#### [The task]
In the entries below, begin at the line that has "Finally, use the" and stop after the line that has "Here at the"; output those lines exactly, leaving out pictures.

##### Given information #####

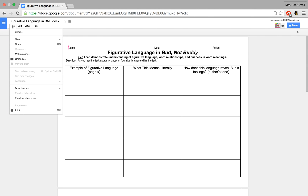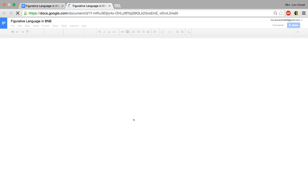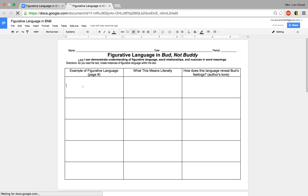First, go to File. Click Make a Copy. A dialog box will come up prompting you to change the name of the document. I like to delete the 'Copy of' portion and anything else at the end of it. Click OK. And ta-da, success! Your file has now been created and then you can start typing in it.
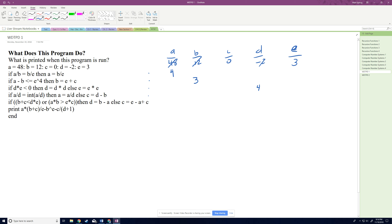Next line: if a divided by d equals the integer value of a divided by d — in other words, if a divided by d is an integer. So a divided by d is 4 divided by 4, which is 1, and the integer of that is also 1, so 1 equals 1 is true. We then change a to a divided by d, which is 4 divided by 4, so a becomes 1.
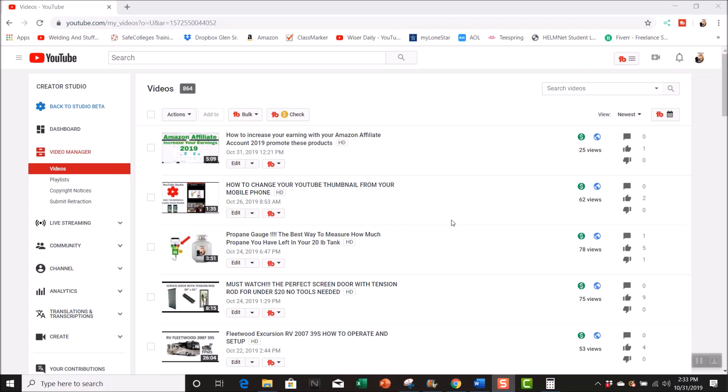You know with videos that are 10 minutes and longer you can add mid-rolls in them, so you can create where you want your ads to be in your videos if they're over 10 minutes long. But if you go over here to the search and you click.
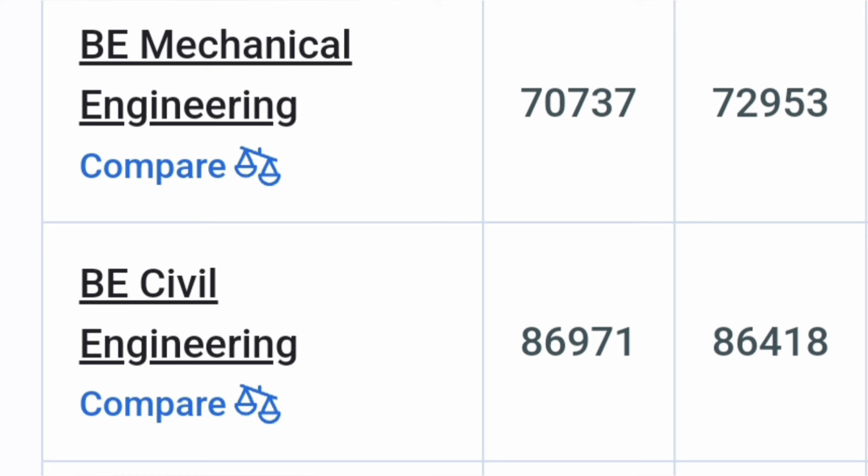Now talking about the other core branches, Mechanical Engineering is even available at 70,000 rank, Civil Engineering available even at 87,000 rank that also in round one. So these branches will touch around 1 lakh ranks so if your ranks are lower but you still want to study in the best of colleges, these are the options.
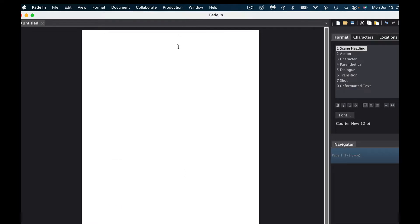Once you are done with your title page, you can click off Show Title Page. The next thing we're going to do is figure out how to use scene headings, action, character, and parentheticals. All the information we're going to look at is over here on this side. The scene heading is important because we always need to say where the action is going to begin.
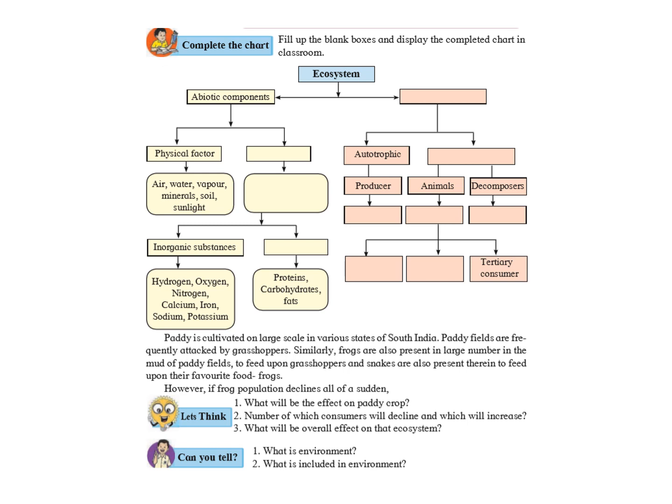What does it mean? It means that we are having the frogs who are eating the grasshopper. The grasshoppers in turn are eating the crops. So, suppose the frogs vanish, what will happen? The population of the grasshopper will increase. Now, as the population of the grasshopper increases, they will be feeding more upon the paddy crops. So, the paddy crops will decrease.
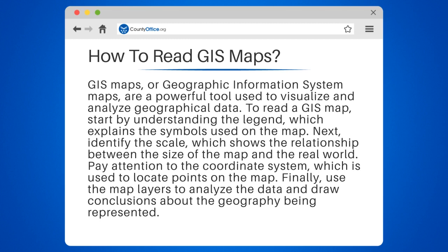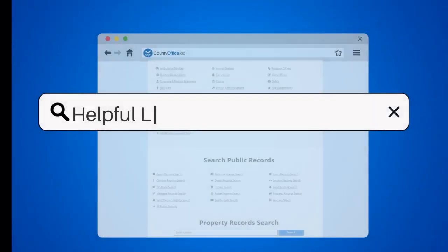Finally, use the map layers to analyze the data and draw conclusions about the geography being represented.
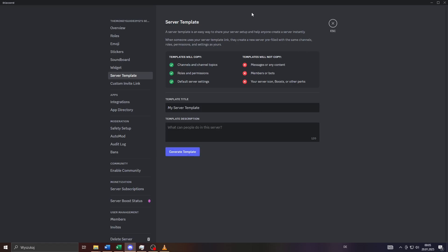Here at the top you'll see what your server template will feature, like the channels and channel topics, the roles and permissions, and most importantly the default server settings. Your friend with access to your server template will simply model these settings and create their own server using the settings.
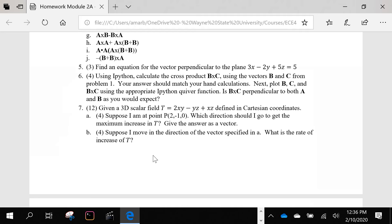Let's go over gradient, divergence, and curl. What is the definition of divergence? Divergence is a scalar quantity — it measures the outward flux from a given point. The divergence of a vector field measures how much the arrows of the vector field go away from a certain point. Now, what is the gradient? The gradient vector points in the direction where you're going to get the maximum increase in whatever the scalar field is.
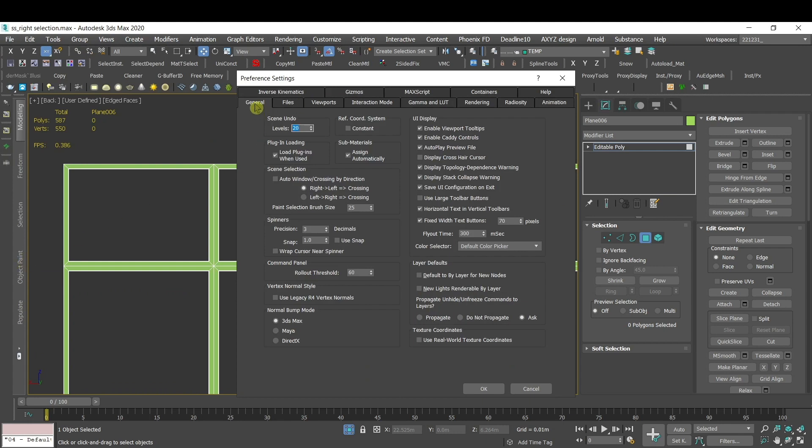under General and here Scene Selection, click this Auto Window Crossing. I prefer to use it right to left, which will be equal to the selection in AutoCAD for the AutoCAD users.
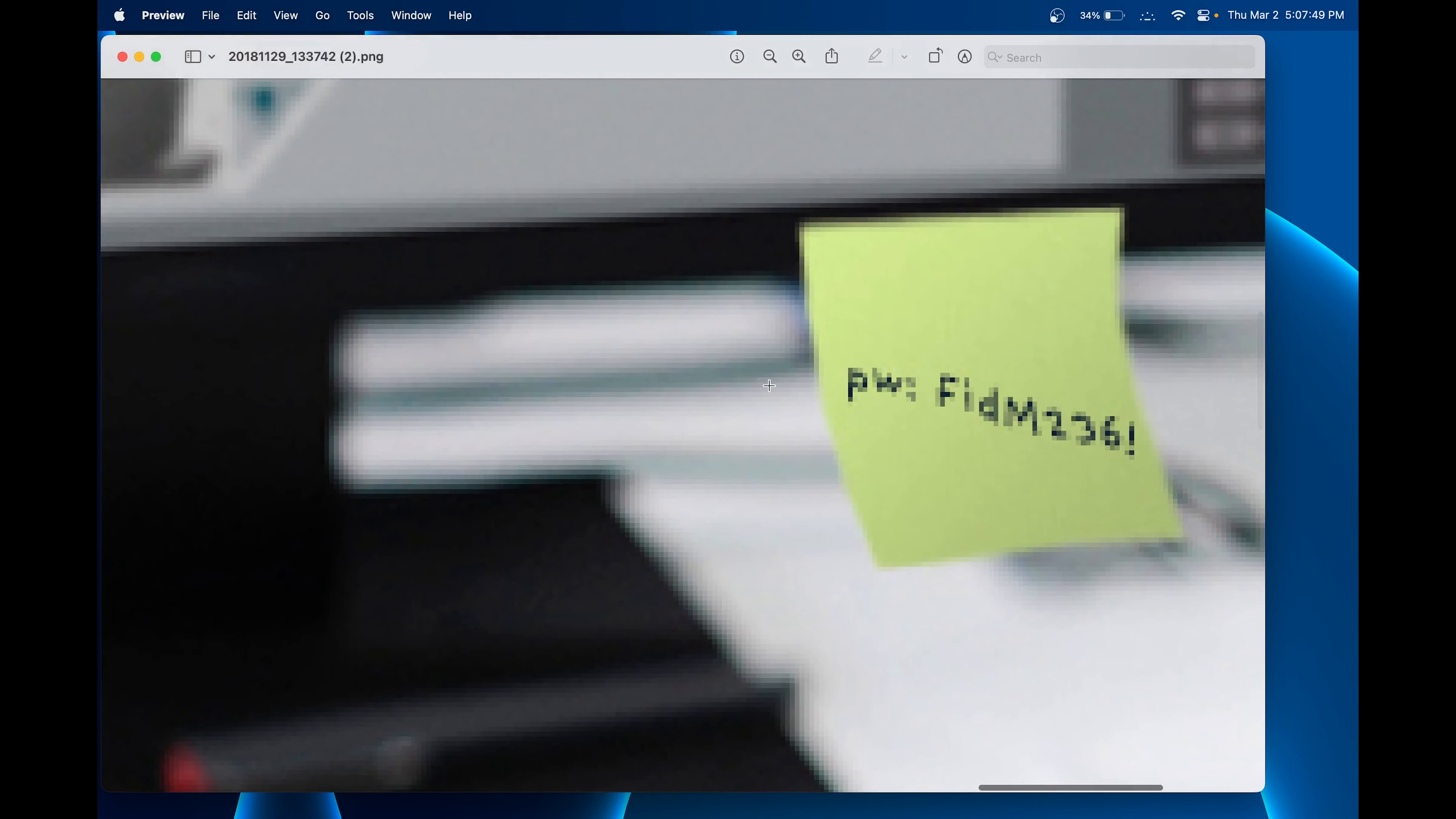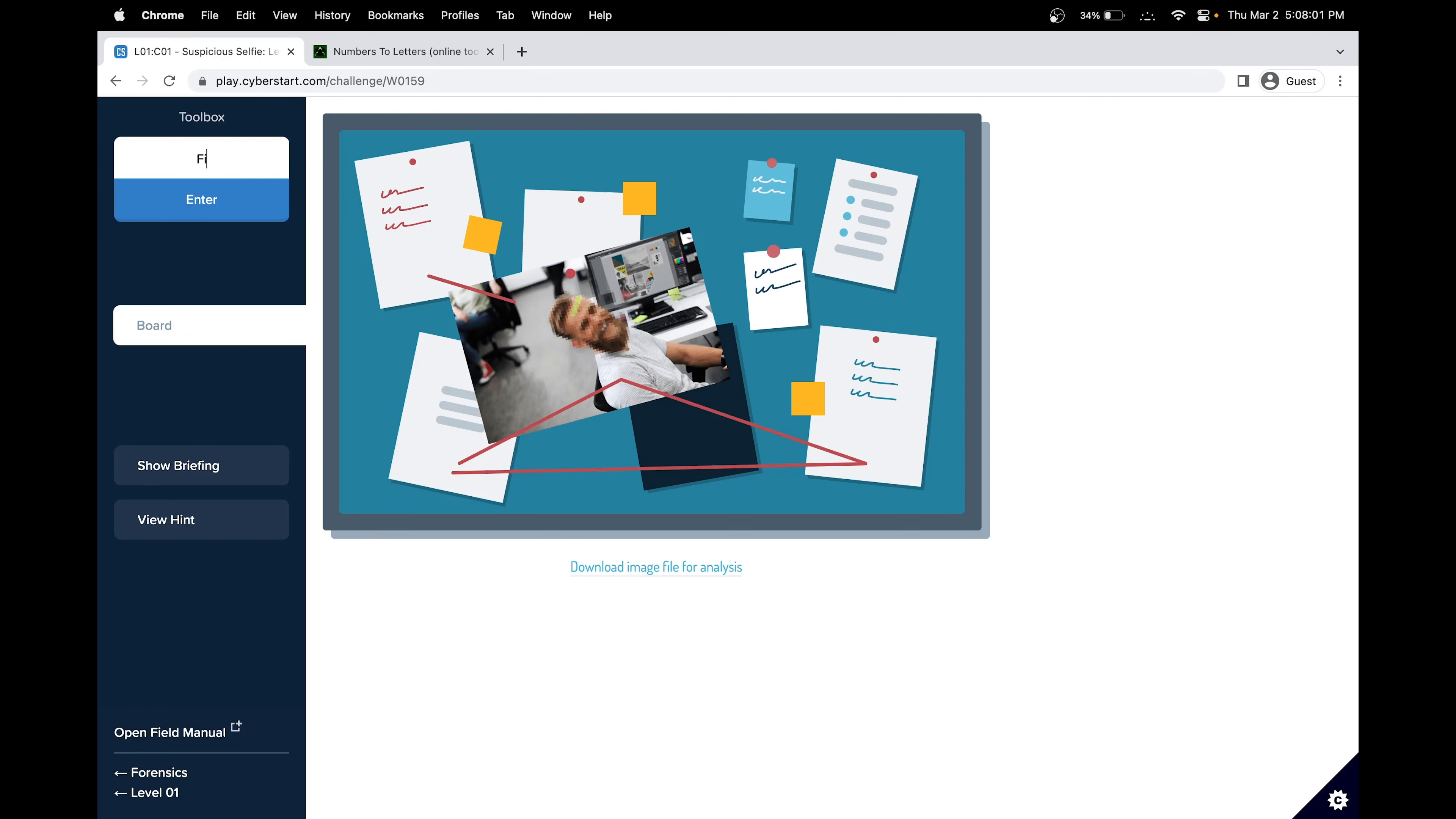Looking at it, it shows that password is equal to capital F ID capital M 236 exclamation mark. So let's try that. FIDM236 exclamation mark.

#####

#### [Reply to the task]
Finally, use the map layers to analyze the data and draw conclusions about the geography being represented.
Here at the top you'll see what your server template will feature, like the channels and channel topics, the roles and permissions, and most importantly the default server settings. Your friend with access to your server template will simply model these settings and create their own server using the settings.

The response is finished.